The grey-pink skins and bright acidity of the Moscofilero grape mean it lends well to all kinds of different production methods. It has long been used in local sparkling wine production and for skin contact whites (orange wine). Whatever the style, the wines made from Moscofilero often show faint smokey/spicy/savoury flavours that are reminiscent of Viognier or Gewurztraminer, but without the sugar or the viscosity.

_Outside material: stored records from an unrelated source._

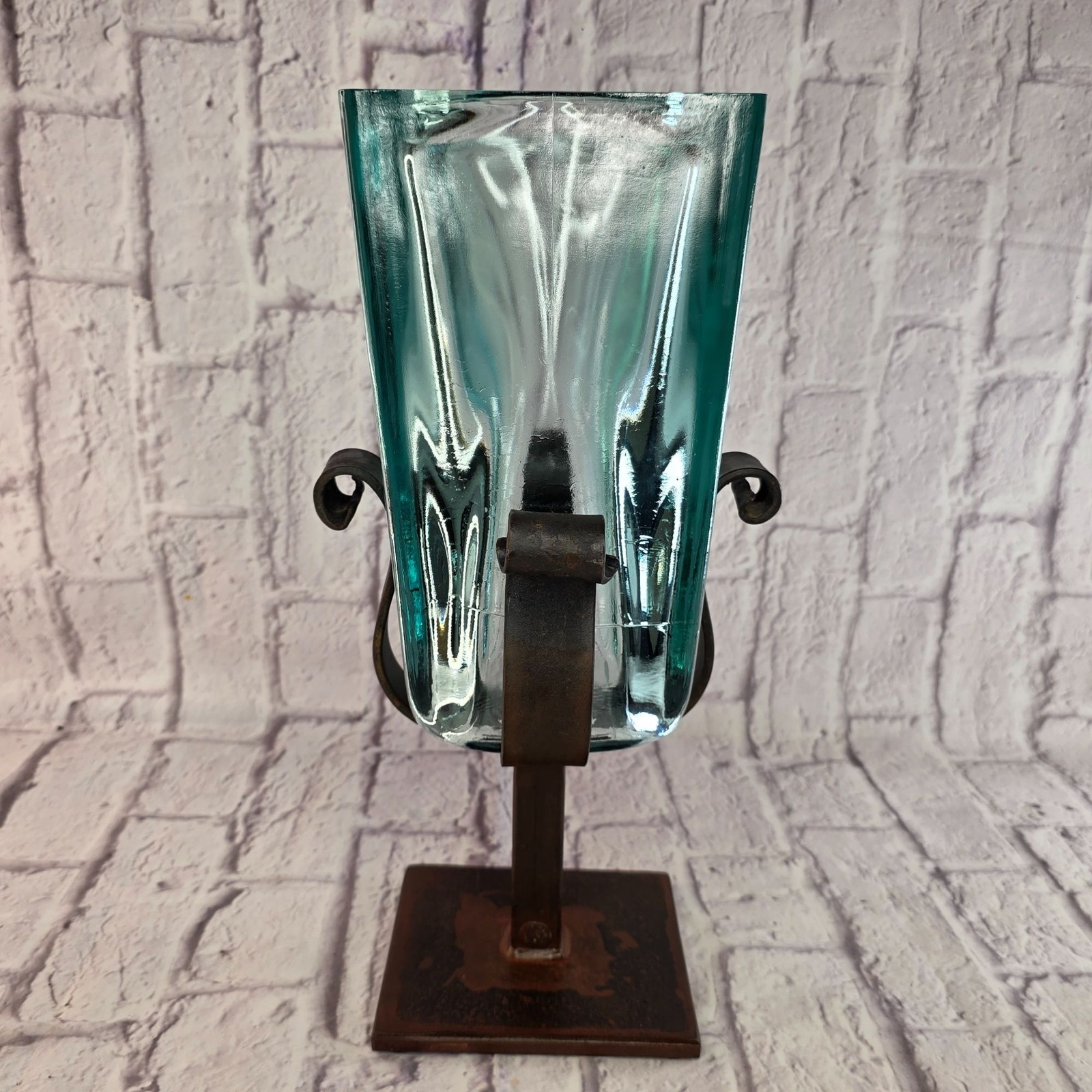 Jan Barboglio Glass Vase Iron Bronze Holder Hand Blown Aqua/blue Green Fluted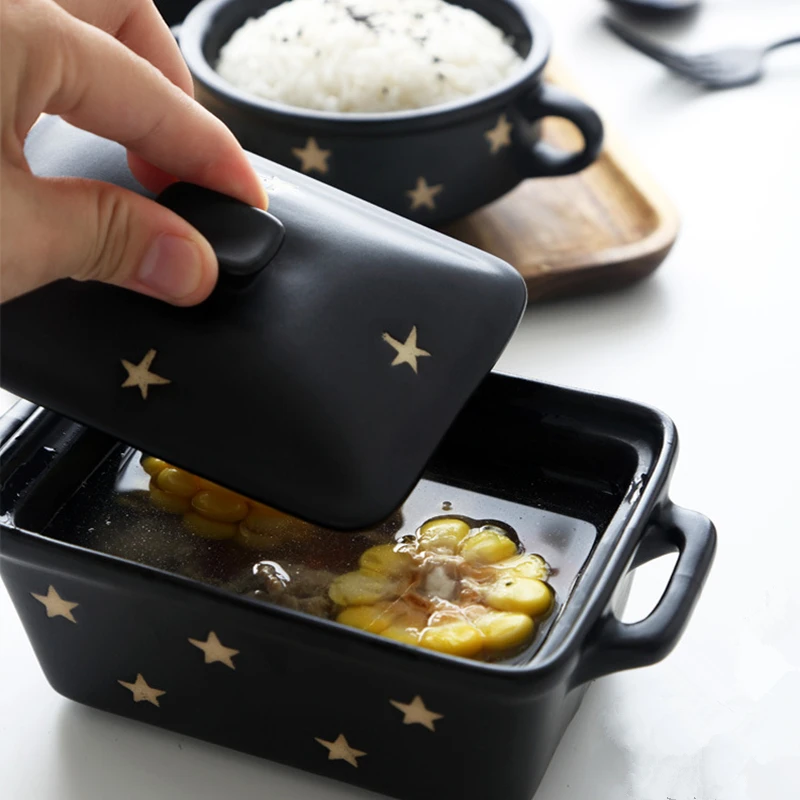 Керамическая миска для выпечки глубокая риса поднос фруктов с двойной ручкой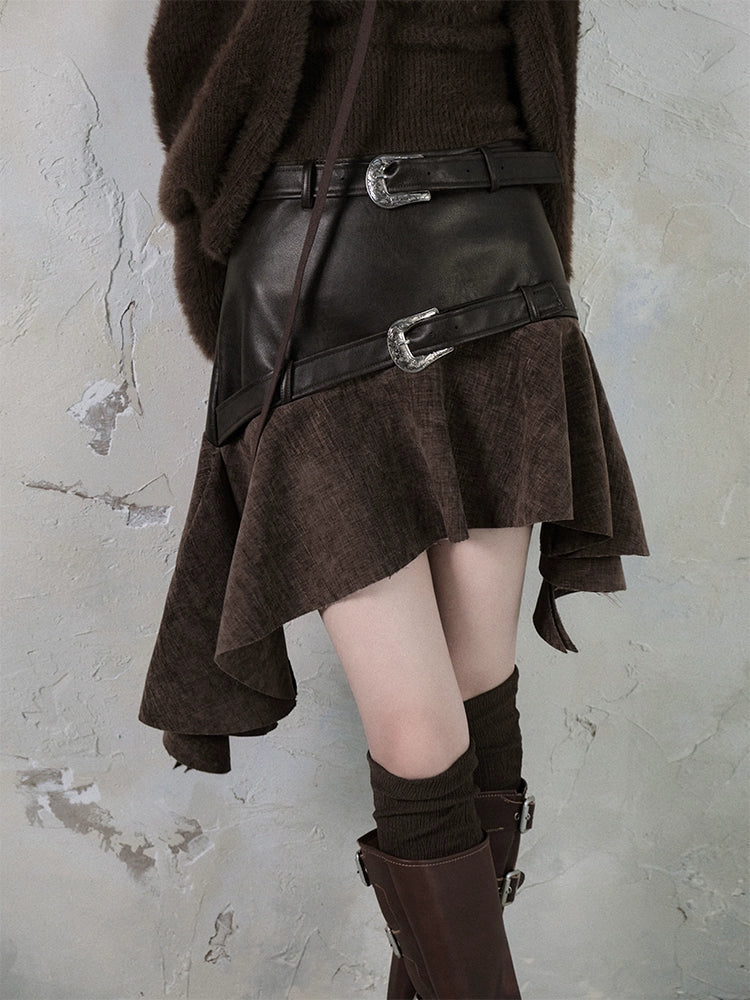 Belt Accent Irregular Thin Leather Switching Skirt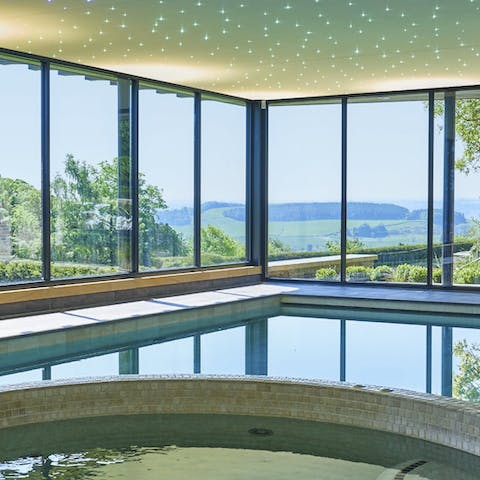 Soak up the views of the rolling hills from the shared pool and Jacuzzi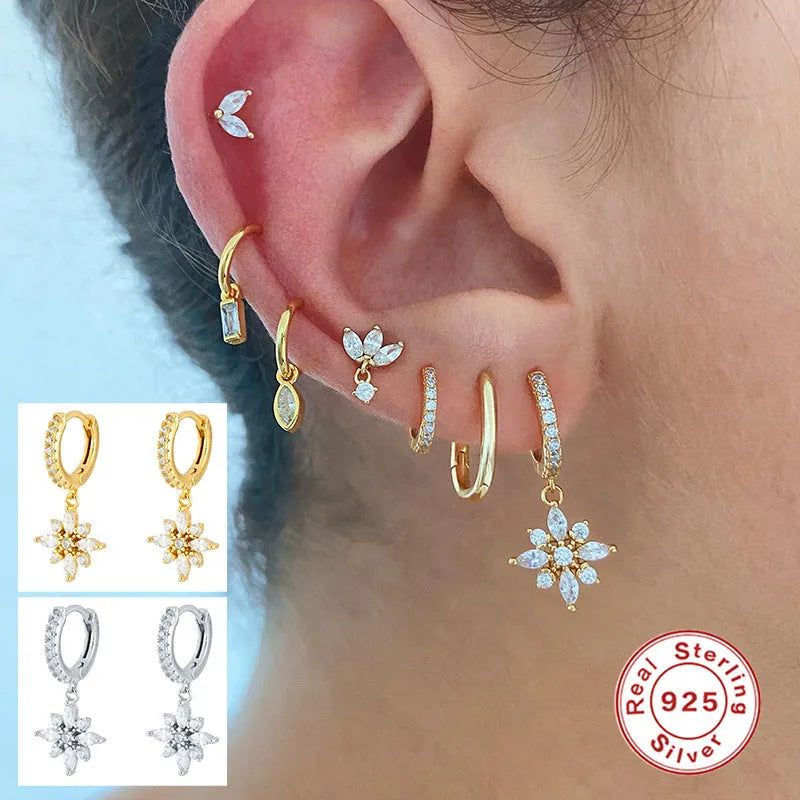 S925 sterling silver snowflake pendant earrings with geometric design and gemstone detailing
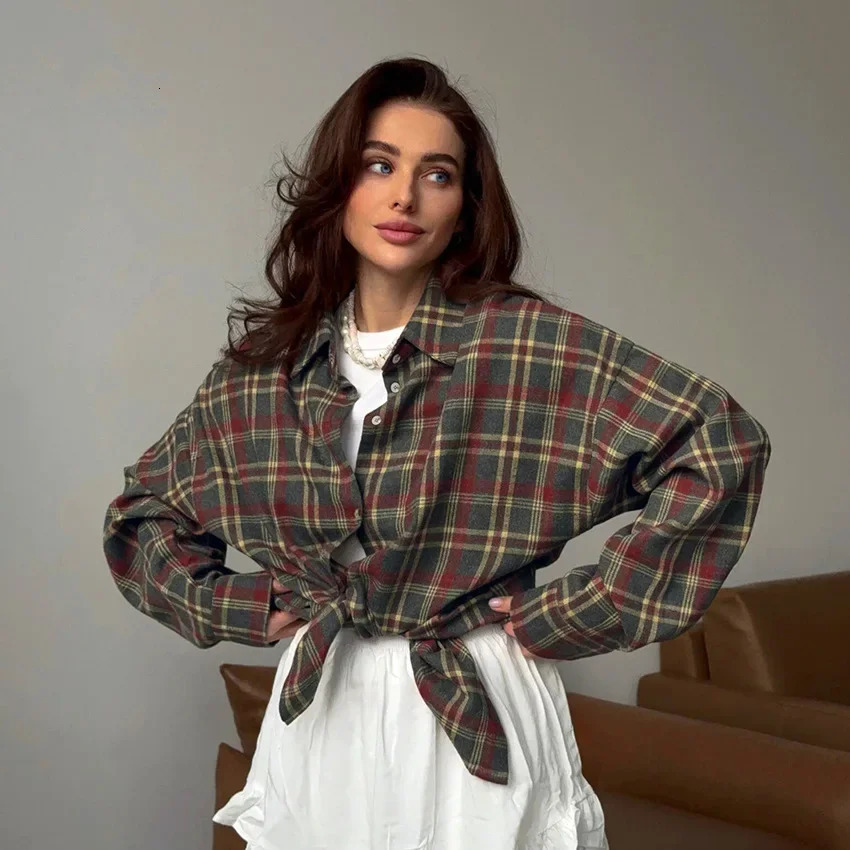 Summer Plaid Vintage Style Versatile Casual Long Sleeve Cardigan Womens Shirt European And American Export Cotton Gauge Shi 250314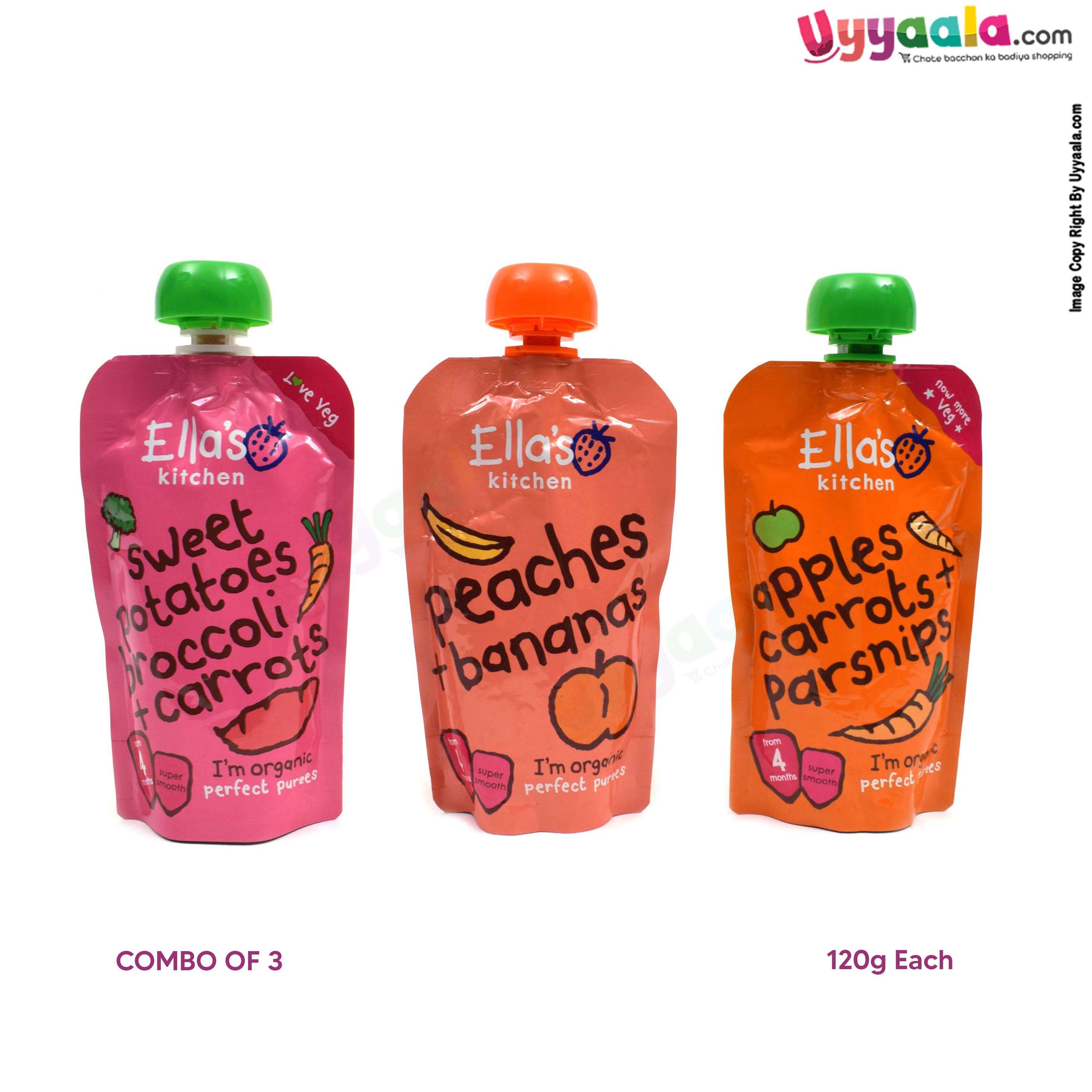 ELLA'S KITCHEN Peaches + bananas, apples carrots + parnships and sweet potatoes broccoli + carrots purees for babies, pack of 3(120g each) - 4 months +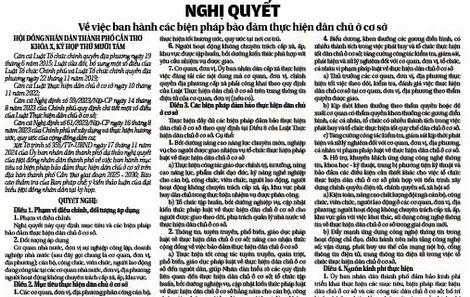 NGHỊ QUYẾT <br> Về việc ban hành các biện pháp bảo đảm thực hiện dân chủ ở cơ sở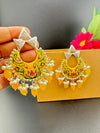 Silver Polish Premium Oxidized German silver Chand Bali Yellow Minakari pearls/Boho Earring/Ethnic Earring/has exceptional Shine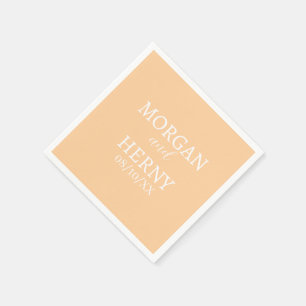 SERVIETTE EN PAPIER NOM PERSONNALISÉ MARIAGE MODERNE STYLÉ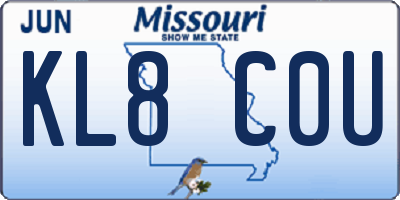 MO license plate KL8C0U
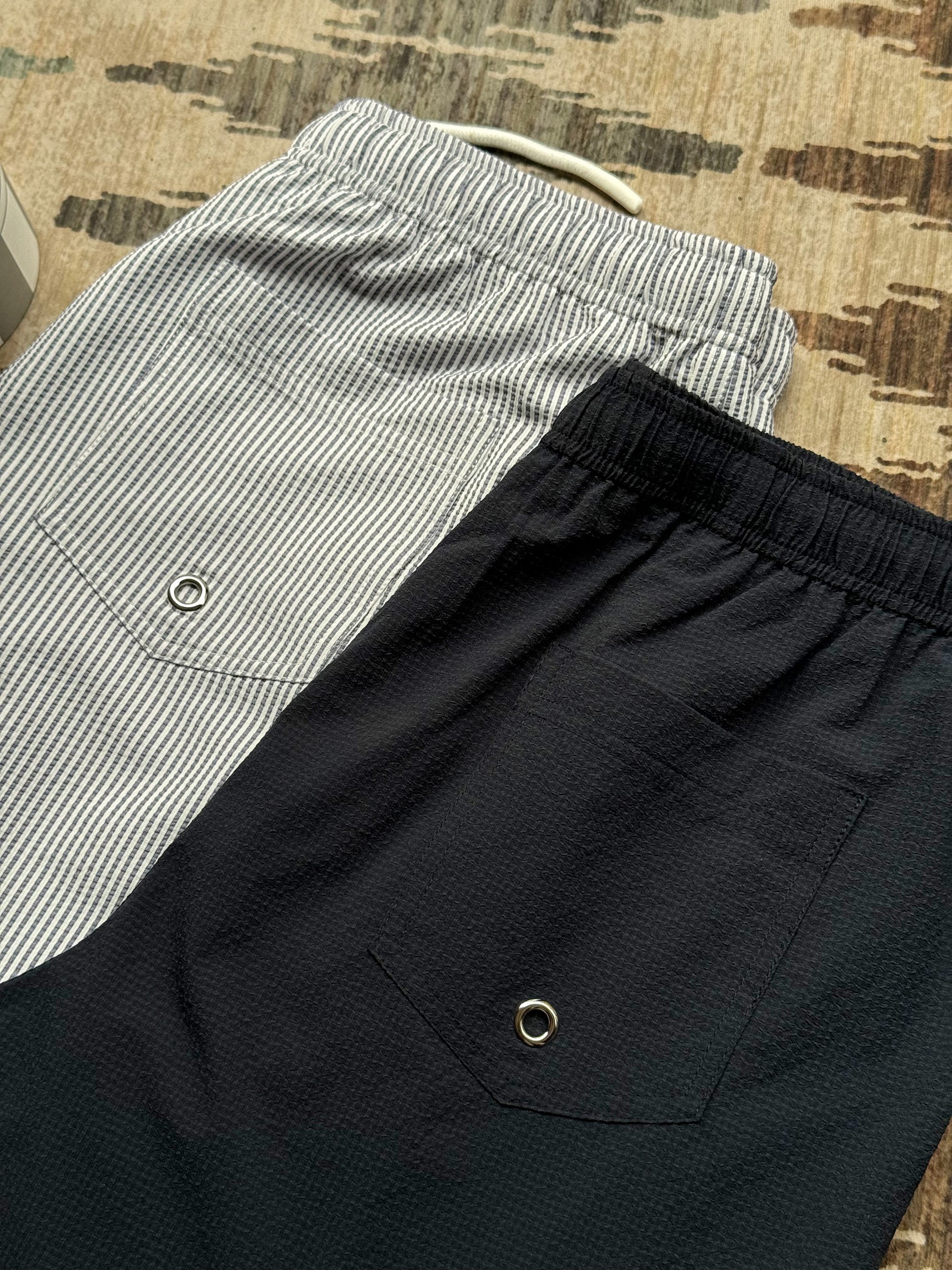 Navy Stripe Sorona Seersucker Drawstring Beach Shorts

This is another one of those stories of a grape that almost faded into obscurity after WWII, only to be saved by a small number of dedicated producers. As we were researching the history of Moscofilero, we kept seeing the Tselepos name pop up again and again. It seems that in the wine-nerd world of serious Greek white wine, this is the quintessential expression of this classic grape. Yiannis Tselepos studied and worked in Burgundy for years and years before returning to Greece to begin his own production in 1981, before the region was officially designated as a Greek wine-growing region (P.D.O). Today Yiannis makes wines with traditional Greek varietals, but he’s also using classic grapes like Chardonnay, Merlot and Cab Sauv.

Food Pairing

Cucumber/Zucchini/Summer Squash – To all you vegetable farming enthusiasts out there, this is the curcurbitaceae family.  This family includes all kind of squash and melons.  The exotic fruit in the Moscofilero can sometimes fall into the ‘melon’ category.  Pairing these together with highlight that exotic fruit in the wine.
Fresh Rolls – We’re talking about the soft rice paper stuffed with veggies/fruit/tofu/steam shrimp.  Again, the floral tropical fruit in the wine will help to accent the pickled daikon, mango slices, or peanut sauce.
Crispy Fish Skin – In it’s homeland, this wine would be paired with frilled seafood with lemon and fresh herbs.  Yum, obviously.  But if we’re having a hypothetical seafood party, we’re going to say that we think it would pair PARTICULARLY well with grilled or seared fish skin.  The oils and caramelization of the skin will be a great contrast to the lean acidity in the wine.  The exotic fruit aromas provide a real depth to compete with the assertive flavours of bitter, grilled ‘fishiness’.